Instructions to follow => Transcribe all the entries word for word, skipping the pictures.

Given records Block Start

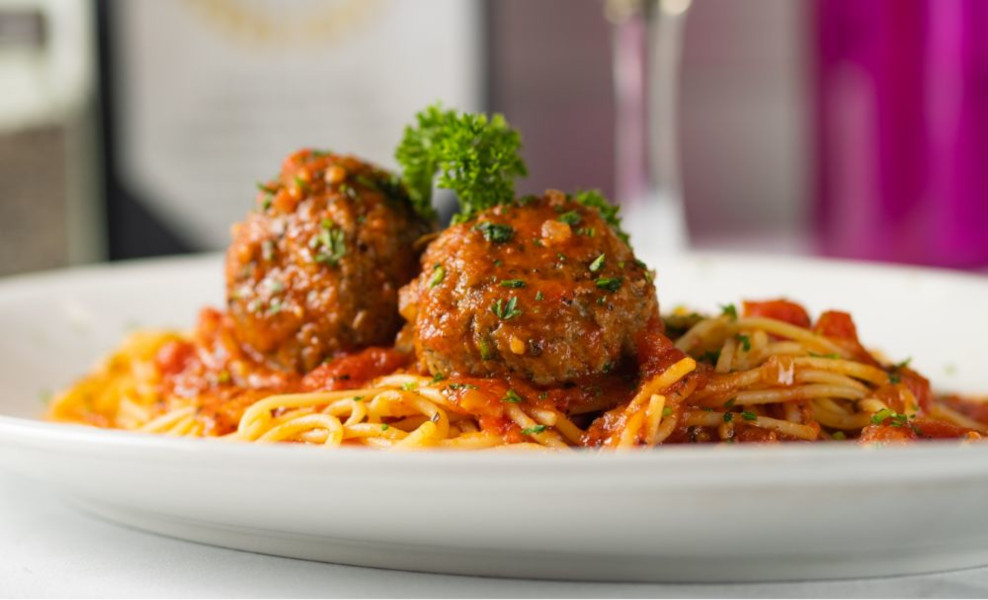Spaghetti with meatballs and tomato sauce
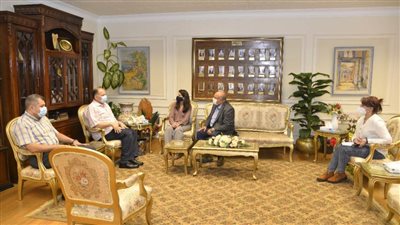 محافظ أسيوط يلتقي مسؤولي الوكالة الأمريكية للتنمية الدولية لمناقشة الموقف التنفيذي للمشروعات
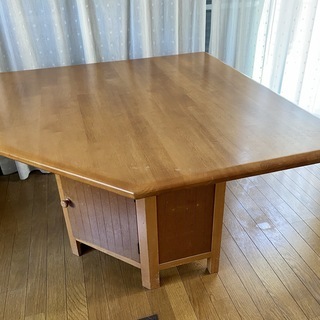 収納付きダイニングテーブル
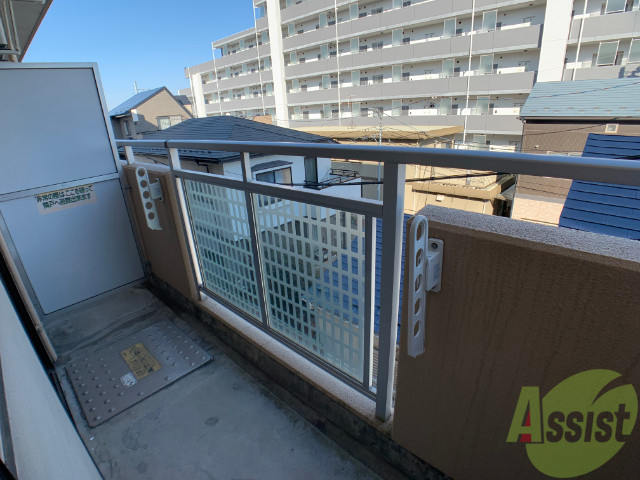 バルコニー　バルコニー。洗濯物がはかどりそうな広さがありますよ。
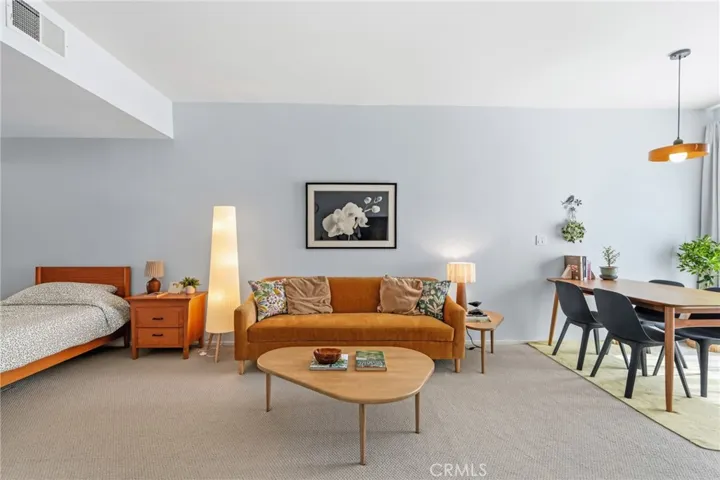 620 S Gramercy Place 211, Los Angeles, California 90005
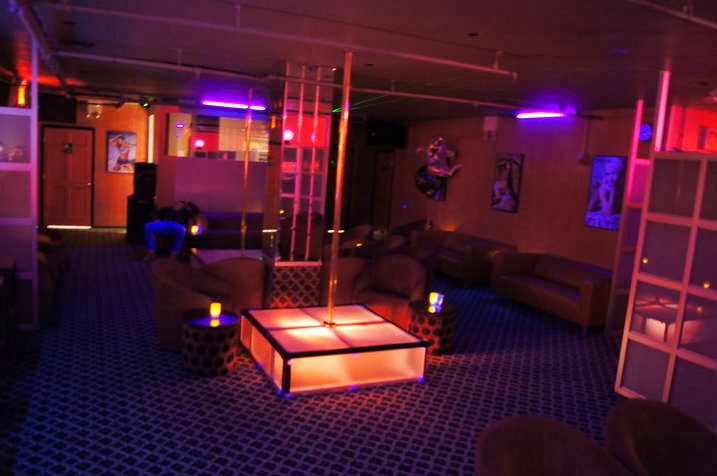 Photo of Foxy Gentlemen’s Club in Brooklyn City, New York, United States - 5 Picture of Point of interest, Establishment, Bar, Night club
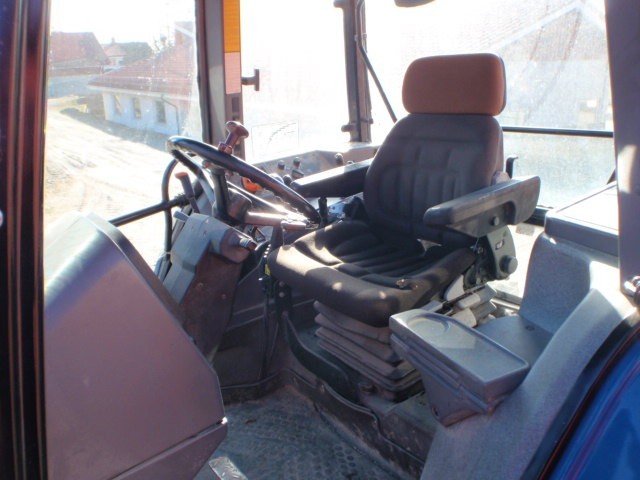 Ciągnik TURBO Ford 46O4 — zdjęcie 2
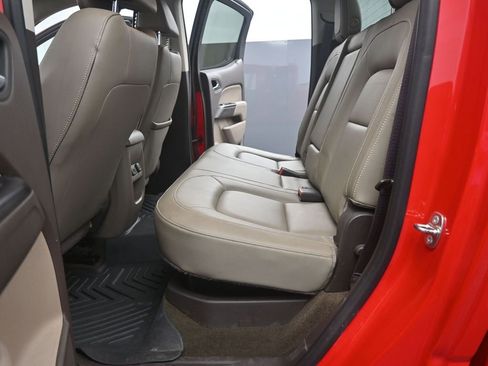 Used 2015 GMC Canyon SLT image 13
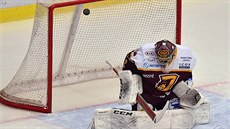 Branká� Jihlavy Jan Bro� vyrá�í puk.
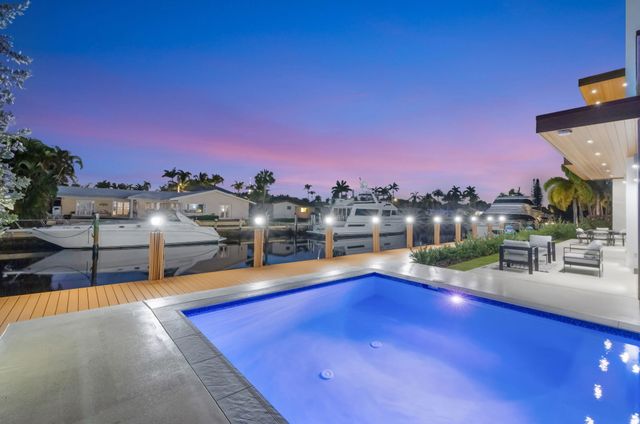 5211 NE 32nd Avenue, Fort Lauderdale, FL 33308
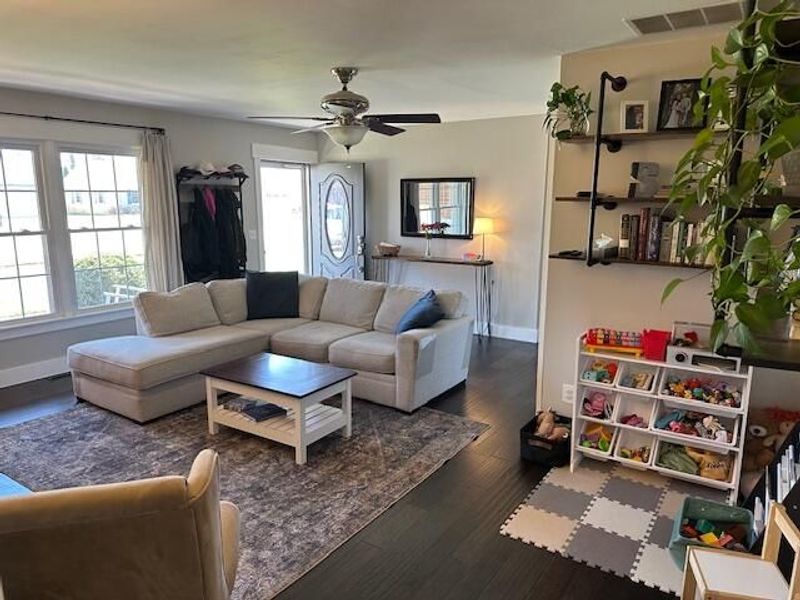 1020 Crestview Drive, Troy, OH 45373 Photo 4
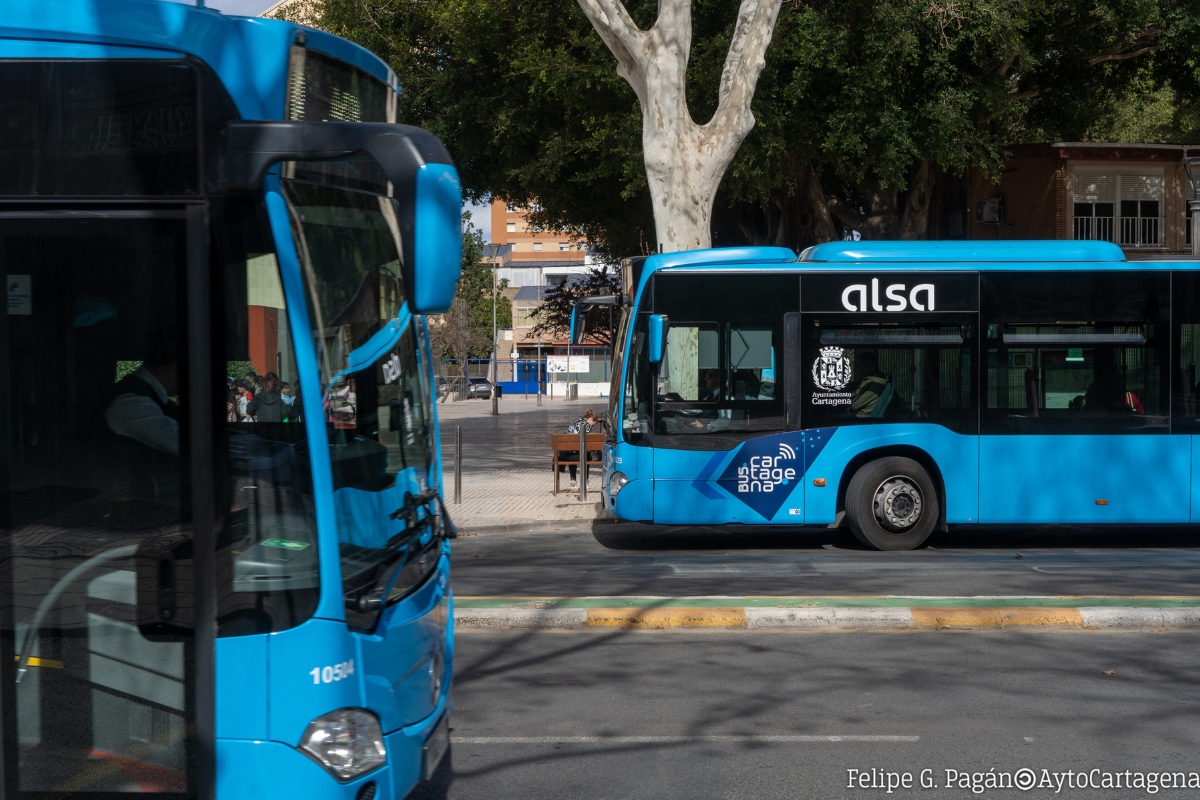 Autobuses urbanos de Cartagena. Parada de bus, Alsa.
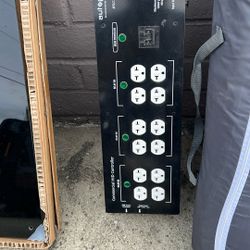 autopilot commercial HD controller input 60 A at 240 V maximum wattage thousand watts per outlet 12th outlets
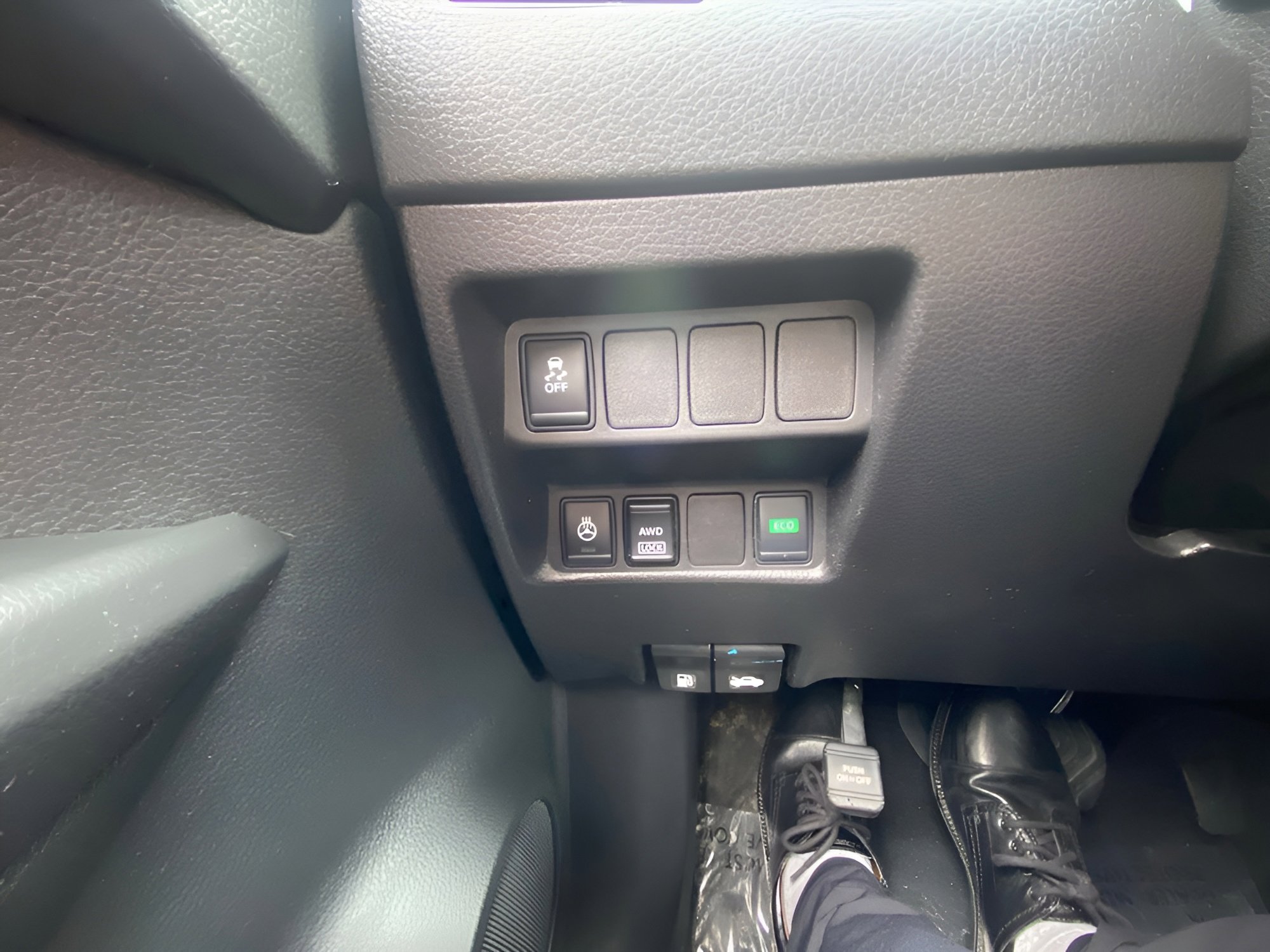 Used 2017 Nissan Rogue Sport SV w/ SV All-Weather Package AWD/4WD image 14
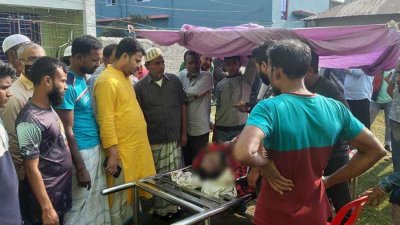 মারা যাওয়া একজনের লাশ ঘিরে স্বজনরা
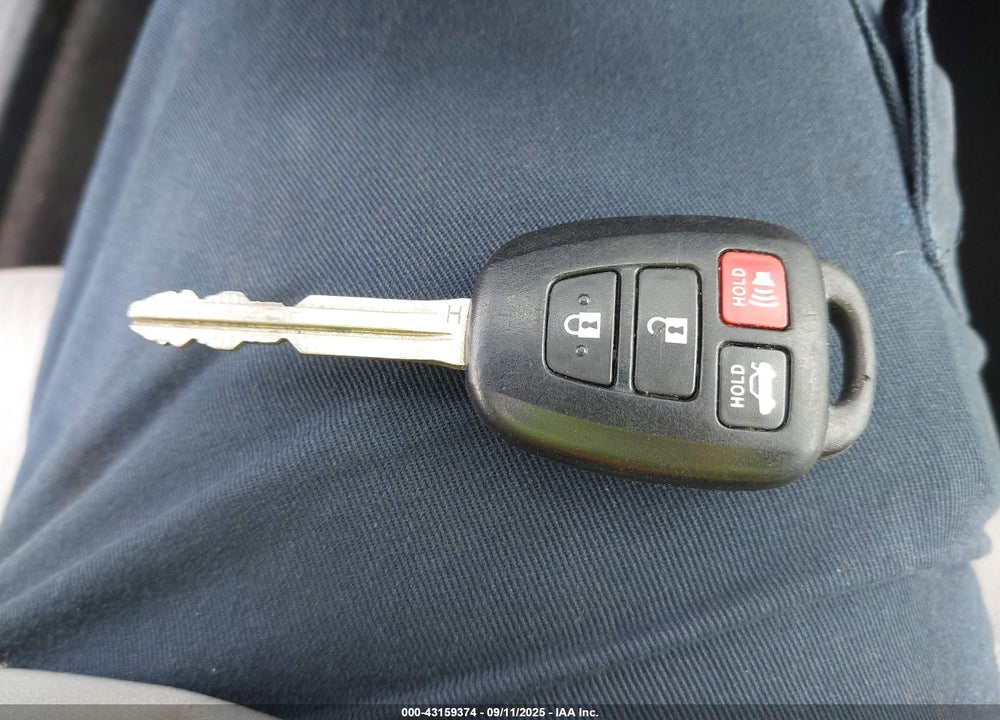 2018 TOYOTA COROLLA VIN: 5YFBURHEXJP849464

Given records Block End

Expected answer =>
Spaghetti with meatballs and tomato sauce
 محافظ أسيوط يلتقي مسؤولي الوكالة الأمريكية للتنمية الدولية لمناقشة الموقف التنفيذي للمشروعات
 収納付きダイニングテーブル
 バルコニー　バルコニー。洗濯物がはかどりそうな広さがありますよ。
 620 S Gramercy Place 211, Los Angeles, California 90005
 Photo of Foxy Gentlemen’s Club in Brooklyn City, New York, United States - 5 Picture of Point of interest, Establishment, Bar, Night club
 Ciągnik TURBO Ford 46O4 — zdjęcie 2
 Used 2015 GMC Canyon SLT image 13
 Branká� Jihlavy Jan Bro� vyrá�í puk.
 5211 NE 32nd Avenue, Fort Lauderdale, FL 33308
 1020 Crestview Drive, Troy, OH 45373 Photo 4
 Autobuses urbanos de Cartagena. Parada de bus, Alsa.
 autopilot commercial HD controller input 60 A at 240 V maximum wattage thousand watts per outlet 12th outlets
 Used 2017 Nissan Rogue Sport SV w/ SV All-Weather Package AWD/4WD image 14
 মারা যাওয়া একজনের লাশ ঘিরে স্বজনরা
 2018 TOYOTA COROLLA VIN: 5YFBURHEXJP849464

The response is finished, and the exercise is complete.